Ultra-high vacuum: 1E-6 to 1E-14 Torr. The actual vacuum inside the CRT of your computer monitor or TV is probably at a level of 1E-9 or better. For many processes, the ultimate quality in terms of yield and performance can directly tied to the quality of the vacuum used in the manufacturing processes. To put a 1E-9 Torr vacuum into perspective: If all of the gas molecules remaining inside a typical 17 inch monitor CRT that had been manufactured at this level of vacuum were rounded up, captured, and returned to normal atmospheric pressure, they would occupy a volume of space less than 25 um on a side - roughly 1/10th the diameter of the dot in the explanation point at the end of this sentence or half the diameter of a human hair! Yet, inside the CRT, there would still be approximately 1,000,000,000,000 gas molecules remaining for unsuspecting electrons to run into!

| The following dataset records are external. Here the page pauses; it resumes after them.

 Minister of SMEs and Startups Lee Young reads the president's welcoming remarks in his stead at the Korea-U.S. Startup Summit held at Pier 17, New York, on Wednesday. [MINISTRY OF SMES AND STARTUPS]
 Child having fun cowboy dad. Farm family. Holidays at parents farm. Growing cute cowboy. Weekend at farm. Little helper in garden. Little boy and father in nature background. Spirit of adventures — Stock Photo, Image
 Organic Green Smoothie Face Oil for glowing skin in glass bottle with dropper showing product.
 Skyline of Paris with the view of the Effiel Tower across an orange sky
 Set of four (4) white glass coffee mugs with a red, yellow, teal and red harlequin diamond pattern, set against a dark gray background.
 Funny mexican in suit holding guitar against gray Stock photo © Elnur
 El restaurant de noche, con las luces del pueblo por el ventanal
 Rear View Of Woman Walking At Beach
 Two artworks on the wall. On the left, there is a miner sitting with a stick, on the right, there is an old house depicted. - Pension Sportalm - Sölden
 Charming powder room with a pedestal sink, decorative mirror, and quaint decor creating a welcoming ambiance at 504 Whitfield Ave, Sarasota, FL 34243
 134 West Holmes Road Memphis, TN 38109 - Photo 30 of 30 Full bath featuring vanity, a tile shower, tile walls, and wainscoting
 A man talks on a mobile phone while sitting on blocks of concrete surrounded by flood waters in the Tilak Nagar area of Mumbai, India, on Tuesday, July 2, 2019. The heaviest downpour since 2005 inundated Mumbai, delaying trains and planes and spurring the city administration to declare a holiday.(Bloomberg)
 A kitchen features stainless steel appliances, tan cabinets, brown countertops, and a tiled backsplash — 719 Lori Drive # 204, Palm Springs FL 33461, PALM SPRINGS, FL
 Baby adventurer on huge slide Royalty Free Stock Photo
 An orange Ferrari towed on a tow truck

Interstellar space: <1E-19 Torr. It is estimated that in the space between galaxies, there may only be a few molecules per cubic meter - which isn't much! Think of how much easier it would be to 'fill' CRTs with vacuum out between the galaxies! Of course, the transportation costs might eat up your profit margin. :-) You may also hear the term 'hard vacuum'. I don't know if there is a precise definition for this either but I would assume that anything with a low enough pressure to behave similarly to a perfect vacuum from the normal experiences point of view would qualify.